- Original film poster
- Directed by: Dennis Hopper
- Screenplay by: Michael Schiffer
- Story by: Richard Di Lello Michael Schiffer
- Produced by: Robert H. Solo
- Starring: Sean Penn; Robert Duvall; María Conchita Alonso;
- Cinematography: Haskell Wexler
- Edited by: Robert Estrin
- Music by: Herbie Hancock
- Distributed by: Orion Pictures
- Release date: April 15, 1988;
- Running time: 120 min. (original release) 127 min. (Director's Cut)
- Country: United States
- Languages: English Spanish
- Budget: $10 million
- Box office: $46,616,067 (domestic)

= Colors (1988 film) =

1988 film directed by Dennis Hopper

Colors is a 1988 American crime drama film starring Sean Penn and Robert Duvall, and directed by Dennis Hopper. The film takes place in the gang-ridden neighborhoods of Los Angeles: late-1980s South Central L.A., Echo Park, Westlake and East L.A.. The film centers on Bob Hodges (Duvall), an experienced LAPD C.R.A.S.H. officer, and his rookie partner, Danny McGavin (Penn), who try to stop the gang violence between the Bloods, the Crips, and Hispanic street gangs. Colors relaunched Hopper as a director 19 years after Easy Rider, and inspired discussion over its depiction of gang life and gang violence.

==Plot==
Two policemen, "Uncle" Bob Hodges, a respected LAPD officer and Vietnam veteran, and rookie officer Danny McGavin, have just been teamed together in the C.R.A.S.H. unit that patrols Northwest L.A., East L.A. and South L.A..

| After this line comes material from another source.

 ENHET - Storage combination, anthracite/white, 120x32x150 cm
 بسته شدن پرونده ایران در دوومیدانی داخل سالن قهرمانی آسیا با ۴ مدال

Hodges' views on policing are appreciated on the local streets where he is outwardly diplomatic, preaching "rapport" to gang members and realizing the vulnerable gang populations scrutinize every action the police take. When a 21st Street gangster throws a rock at Hodges's car, Felipe is caught by Hodges. Elsewhere, the Bloods' funeral for Robert Craig is attacked by a carload of Crips. When Hodges and McGavin chase them, the Crips are killed when the car crashes. At the 21st Street Gang hangout, Ron Delaney fails to convince their members to walk away from the gang life.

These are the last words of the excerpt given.